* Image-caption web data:

%%

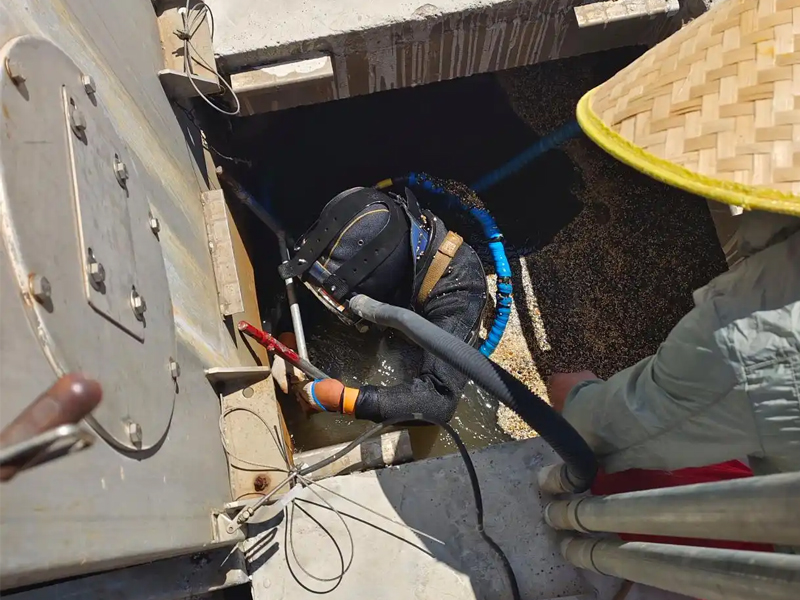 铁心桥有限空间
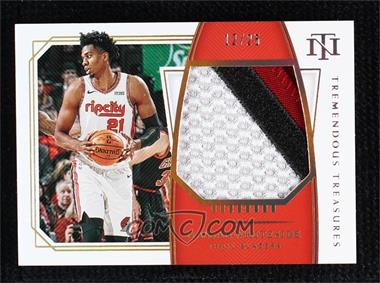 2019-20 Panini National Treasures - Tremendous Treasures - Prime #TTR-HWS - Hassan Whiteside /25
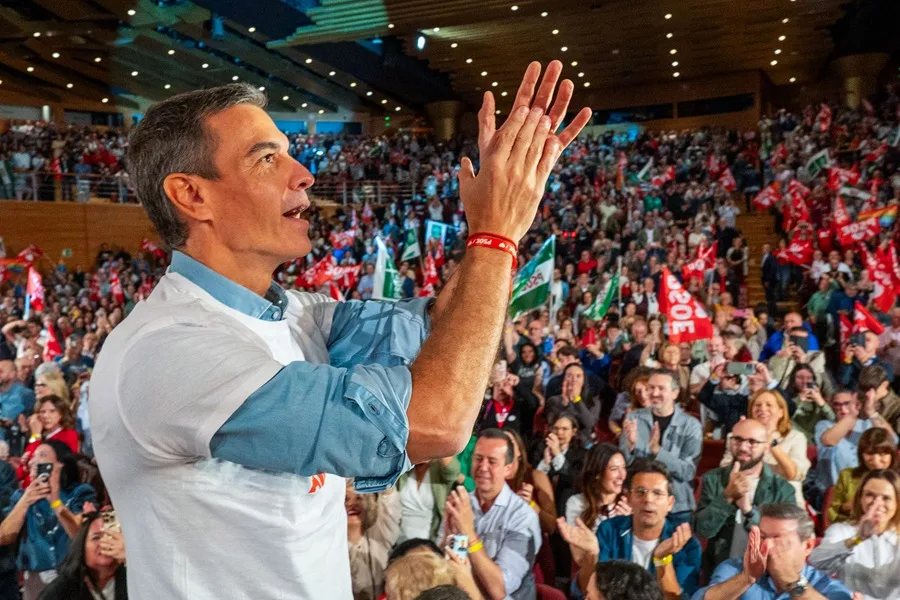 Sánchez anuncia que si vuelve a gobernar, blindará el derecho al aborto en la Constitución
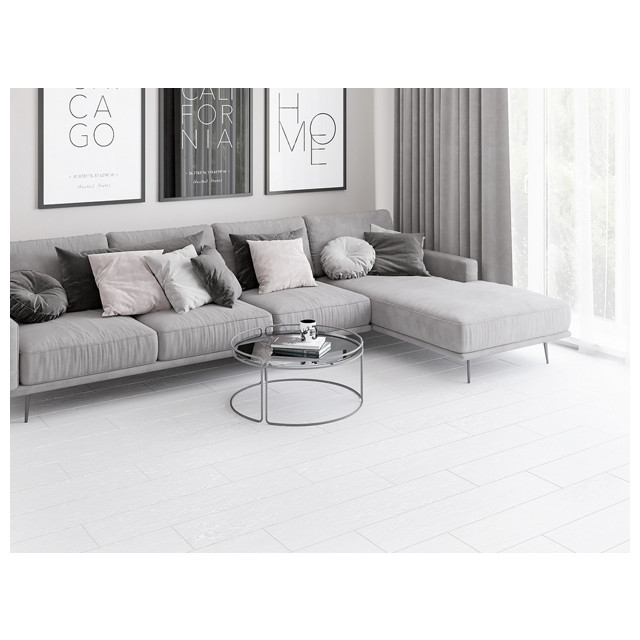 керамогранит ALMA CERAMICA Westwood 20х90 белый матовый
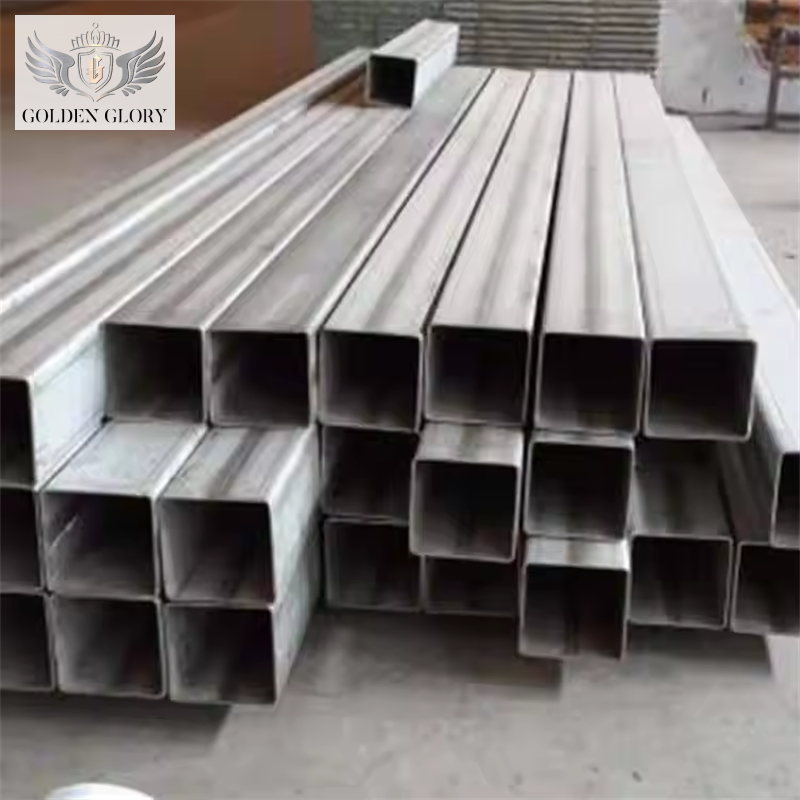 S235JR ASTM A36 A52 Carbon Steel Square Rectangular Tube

%%
%%

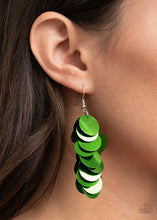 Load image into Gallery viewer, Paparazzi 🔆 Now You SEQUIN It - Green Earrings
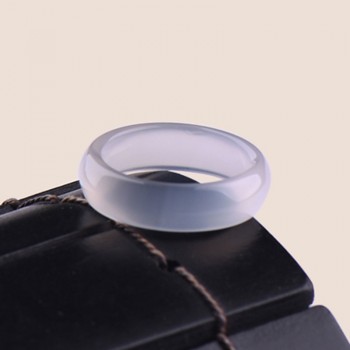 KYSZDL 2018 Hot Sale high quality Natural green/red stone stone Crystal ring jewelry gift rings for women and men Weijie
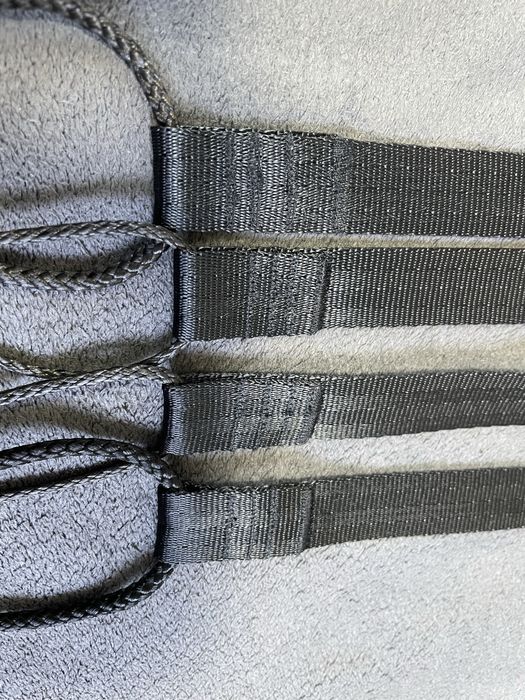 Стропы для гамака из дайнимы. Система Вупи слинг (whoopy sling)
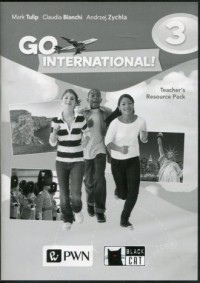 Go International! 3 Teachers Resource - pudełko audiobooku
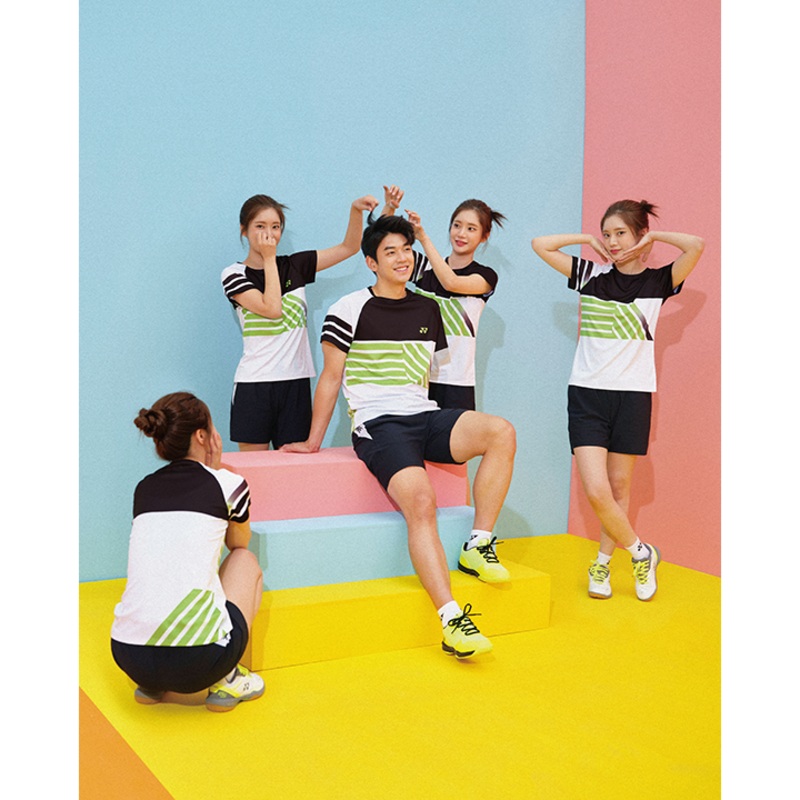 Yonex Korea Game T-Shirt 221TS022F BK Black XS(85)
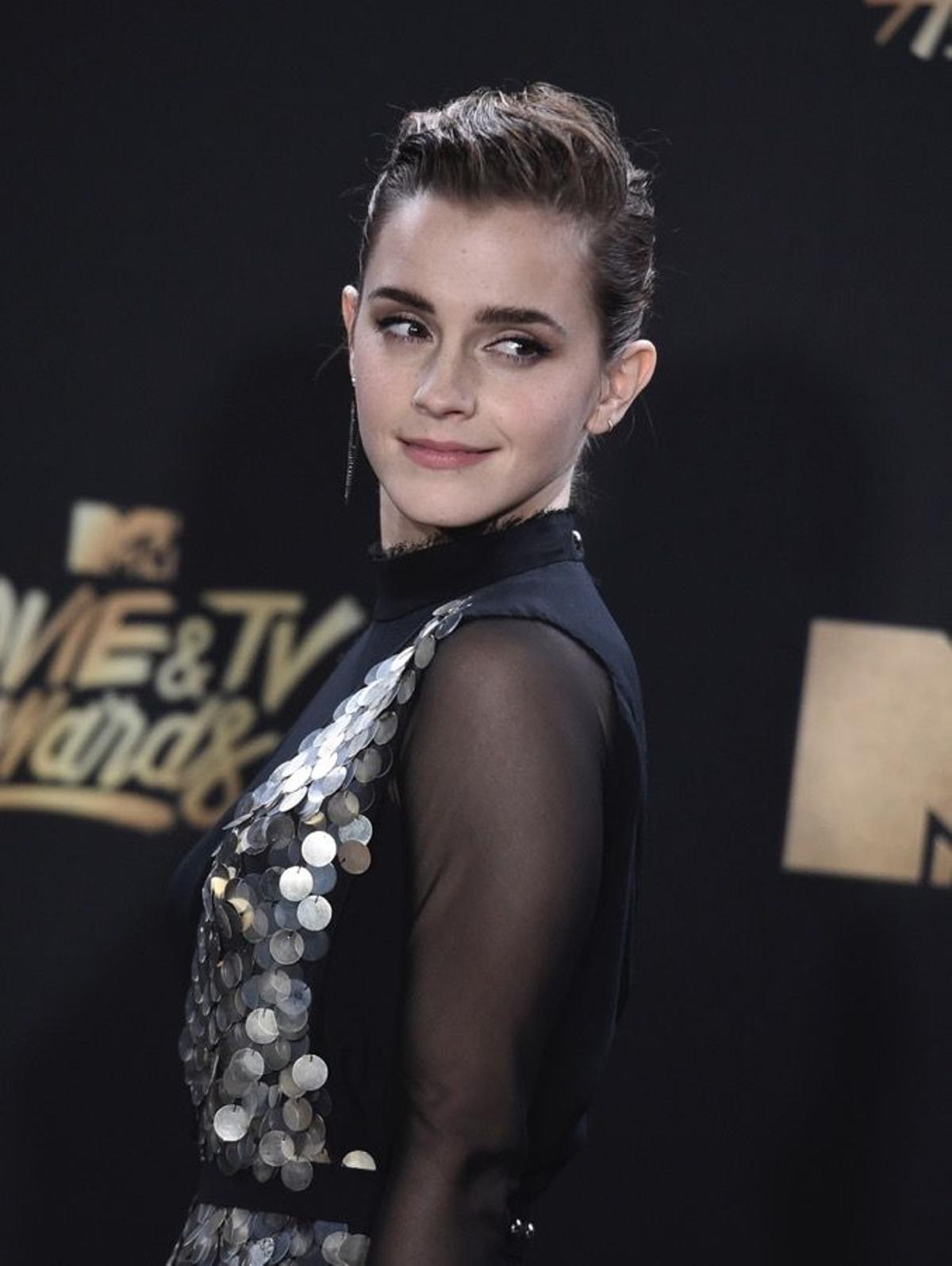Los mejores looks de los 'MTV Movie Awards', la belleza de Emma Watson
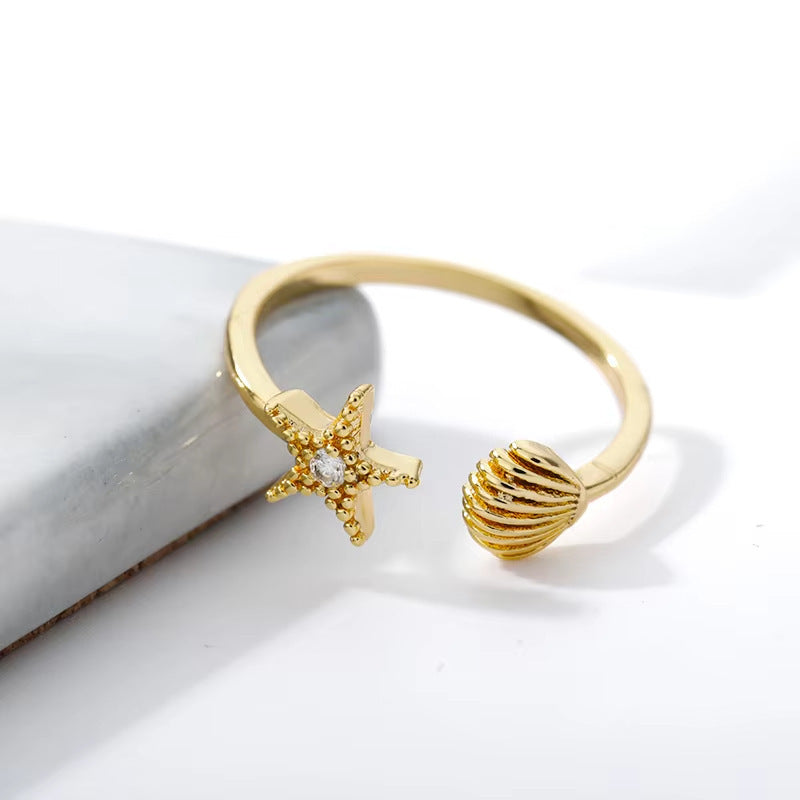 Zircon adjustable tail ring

%%

* EXERCISE REQUIREMENTS:
To complete this exercise, transcribe exactly the lines above from the one that holds "Load image into" through the one that holds "Zircon adjustable tail ring". Pictures stay out.

* ANSWER TO THIS PROBLEM:
 Load image into Gallery viewer, Paparazzi 🔆 Now You SEQUIN It - Green Earrings
 KYSZDL 2018 Hot Sale high quality Natural green/red stone stone Crystal ring jewelry gift rings for women and men Weijie
 Стропы для гамака из дайнимы. Система Вупи слинг (whoopy sling)
 Go International! 3 Teachers Resource - pudełko audiobooku
 Yonex Korea Game T-Shirt 221TS022F BK Black XS(85)
Los mejores looks de los 'MTV Movie Awards', la belleza de Emma Watson
 Zircon adjustable tail ring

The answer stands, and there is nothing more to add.